Powell Lake is a lake in the northern Sunshine Coast region of British Columbia, Canada, adjacent to the city of Powell River, which sits on the low rise of land forming a natural dam between the lake and the Strait of Georgia.  The lake flows to the ocean through Powell River and features Goat Island, a large mountainous island.  It serves as a reservoir for a small hydroelectric generating station which was built to serve the city's paper mill, and also as a water supply for that paper mill.

Name origin
The lake was named for Israel Wood Powell, Indian Commissioner for British Columbia 1872–1889.

Indigenous history
"According to John Hackett, Hegus (“Chief,” in the Sliammon language) of the Tla’amin Nation, the Tla’amin people had, at that time, a main village called Tis’kwat located in that exact spot.

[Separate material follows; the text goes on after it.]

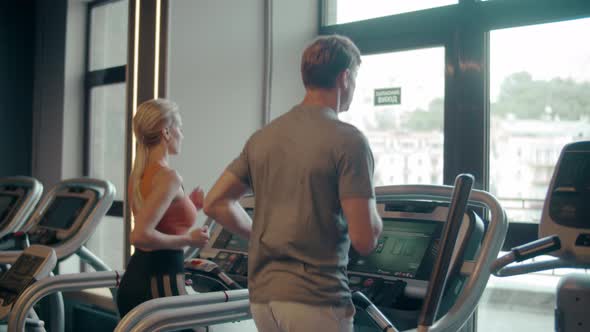 Fit Couple Running on Treadmill at Gym. Sporty Family Doing Cardio in Sport Club alt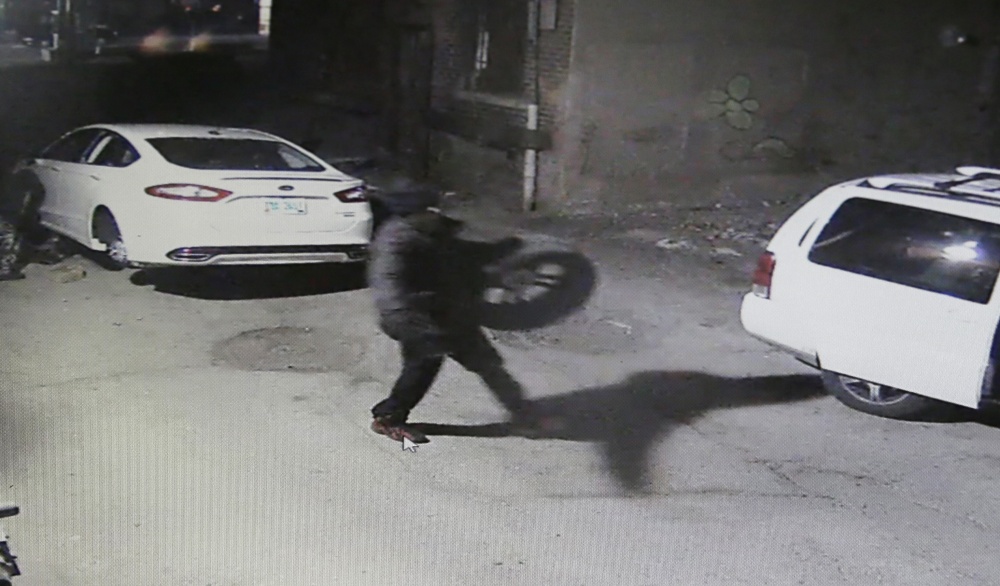 In an image from video provided by the Detroit police, car thieves take the tires off a Ford Fusion. Detroit police reported 720 carjackings last year in the city of 700,000 people.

But the people started seeing European settlers coming into their territory, setting up camps and eventually starting to log and extract resources from the area."
However, any evidence will likely be found under the current waters of Powell Lake, since it was only a river system meandering between mountainous valleys before the dam at the river head was built to provide power for the timber mill and a floating highway  to deliver logs from cutting areas in the adjacent mountains.
One view is that the original Powell River was a salmon breeding ground before settlement and logging interests dammed the waters use, suggesting ecological, cultural and geographical desirability for native settlement on the life giving river close to the ocean.

However, there is no doubt that one time Powell Lake was once an ocean inlet as it contains ancient salt water at its deepest points, some of which are more than 500m.  Geologists posit that the mouth of Powell Lake rebounded with the recession of glaciers at the end of the last Ice Age, creating a fresh water barrier system, which led to the destruction of its salmon runs and its becoming a fresh water lake. If there were indigenous communities based on salmon runs in that system, that must have been many thousands of years ago.